[Data records]
* * *
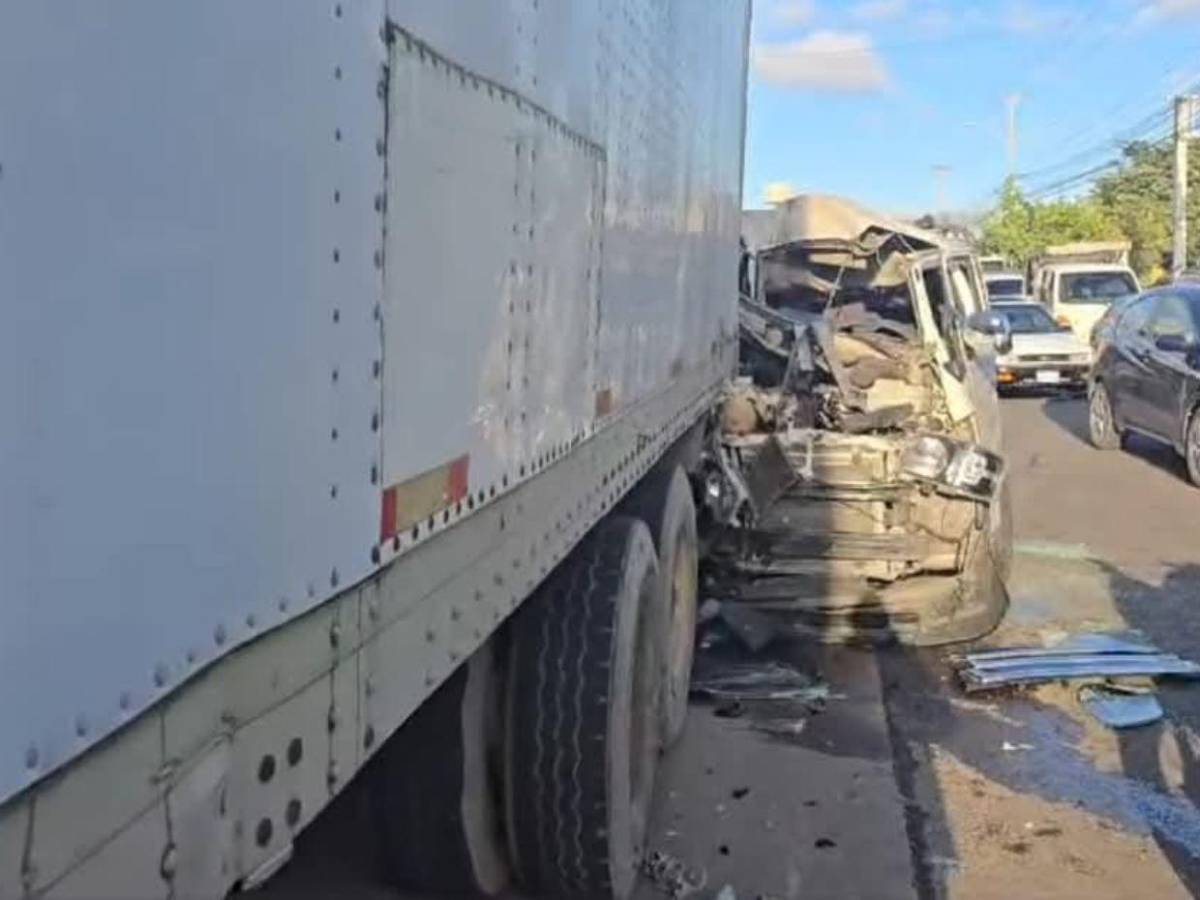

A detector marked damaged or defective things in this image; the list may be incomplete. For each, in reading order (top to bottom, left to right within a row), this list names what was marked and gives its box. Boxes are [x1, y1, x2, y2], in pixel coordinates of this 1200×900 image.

broken side mirror [964, 309, 1012, 355]
wrecked van [720, 196, 1012, 648]
broken headlight [902, 434, 1003, 504]
torn sheet metal [1080, 686, 1161, 729]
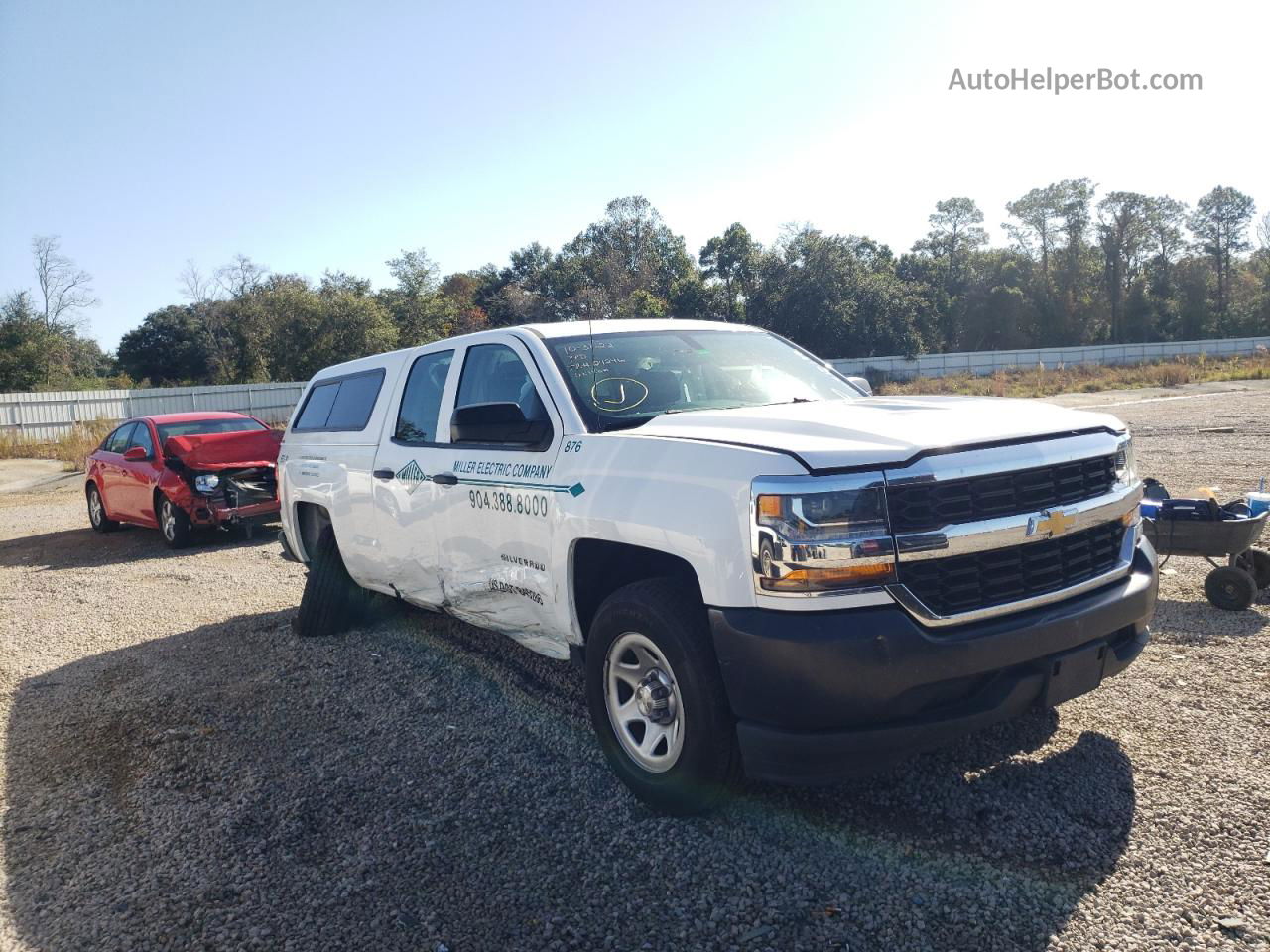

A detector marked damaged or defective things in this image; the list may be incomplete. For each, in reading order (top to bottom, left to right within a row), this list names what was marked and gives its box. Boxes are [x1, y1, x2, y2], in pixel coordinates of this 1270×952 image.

damaged red sedan [84, 411, 282, 551]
* * *
AIM OF THE EXERCISE =>
Each of the lines from the one that contains "this 1270×952 image." through the last line of the data needs to be repeated exactly, with no others.

OUTPUT OF THE TASK =>
A detector marked damaged or defective things in this image; the list may be incomplete. For each, in reading order (top to bottom, left to right within a row), this list names what was marked and gives its box. Boxes are [x1, y1, x2, y2], in pixel coordinates of this 1270×952 image.

damaged red sedan [84, 411, 282, 551]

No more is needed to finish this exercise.